Die Wahrheit: Mein Leben als T-Shirt

Karl Marx als Kinderbuchautor. Fast so woke wie sein Kollege Roald Dahl. Jedenfalls mit jeder Menge diskriminierender Schimpfwörter.

Neulich fragte ich mich, wer eigentlich Roald Dahl war. Richtig, ein Kinderbuchautor, der es geschafft hat, in der Nachwelt gleich zweimal neu zu erscheinen. In einer Klarversion und einer Originalversion, die nicht mit unmodischen Wörtern spart. An dieser Stelle soll allerdings keine der handelsüblichen Woke-Kritiken oder eine Kritik der Woke-Kritik erscheinen. Womit wir bei einem anderen Autor aus Britannien wären: Karl Marx.

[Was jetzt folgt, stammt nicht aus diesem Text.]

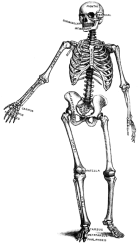skeleton.gif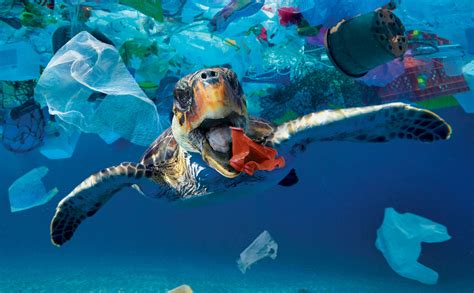 Slik Blir Vi Kvitt Plasten I Havet Skoleromno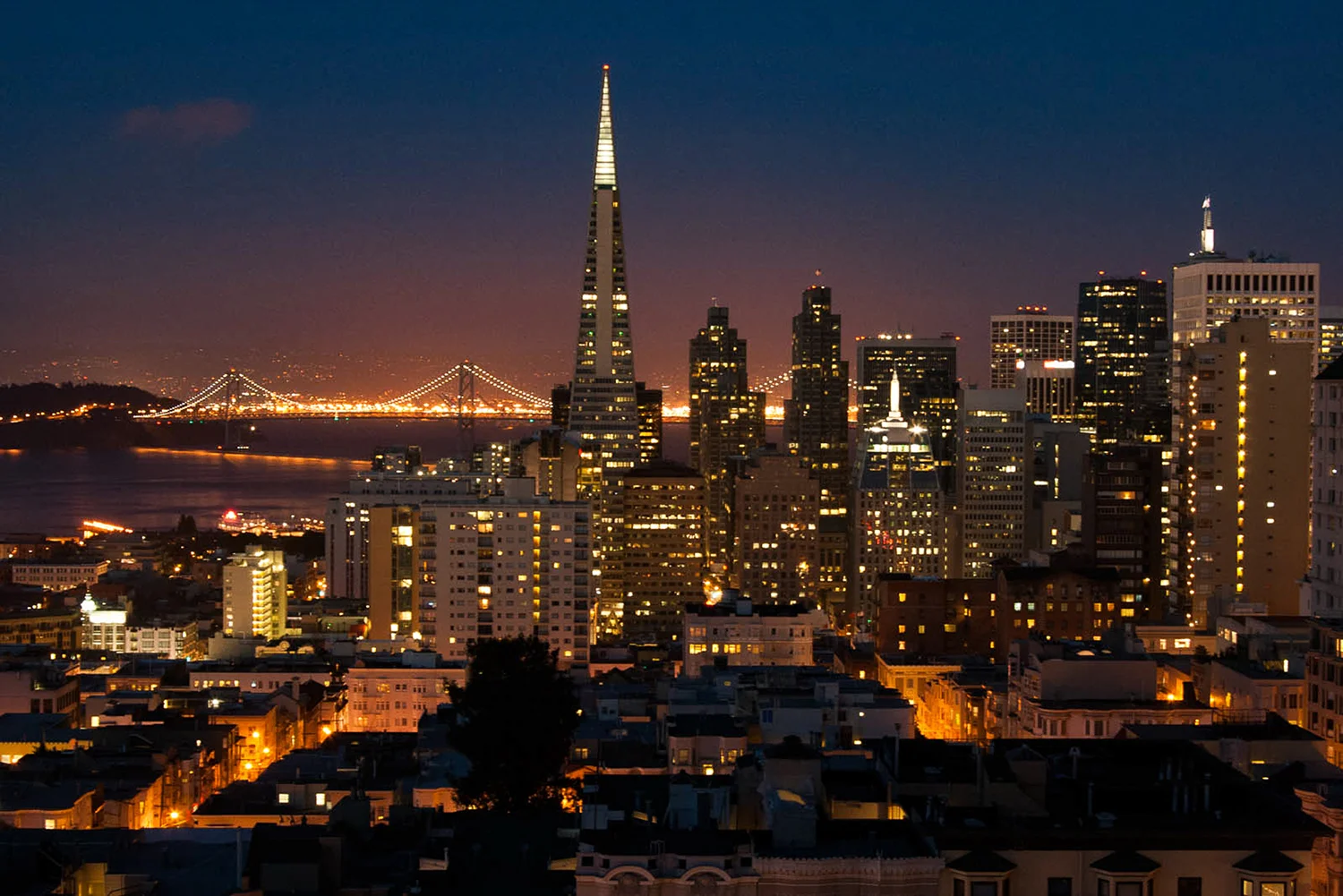 SF (1 of 1)R.jpg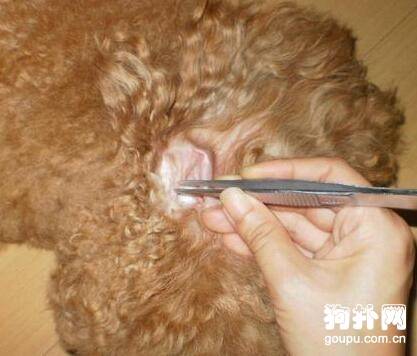 狗狗耳螨病怎么治疗 狗狗耳螨病怎么治疗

Auch Karl Marx hat bekanntlich Kinderbücher geschrieben, sein allererstes war auch gleich sein Bestes: der Longseller „Die heilige Familie“ (1845). Wie es sich für so ein schönes altes Kinderbuch gehört, ist es voll mit diskriminierenden Schimpfwörtern, und trägt einen, nein, sogar gleich zwei Untertitel: „Kritik der kritischen Kritik“ lautet der eine – das ist Woke-Kritik avant la lettre – und „Gegen Bruno Bauer & Consorten“ der andere.

Tatsächlich hatet der olle Kalle ziemlich ab gegen die Konsorten, unter denen man sich so urwüchsige Haudegenmenschen wie die Liliputaner in „Gullivers Reisen“ von Jonathan Swift vorstellt, aber allen voran gegen Bruno Bauer. Dieses arme Opfer eines Ein-Mann-Shitstorms! Aber wer war der eigentlich, dieser Bruno Bauer? Was wurde aus ihm, was macht er heute so? Und wer waren die Konsorten wirklich?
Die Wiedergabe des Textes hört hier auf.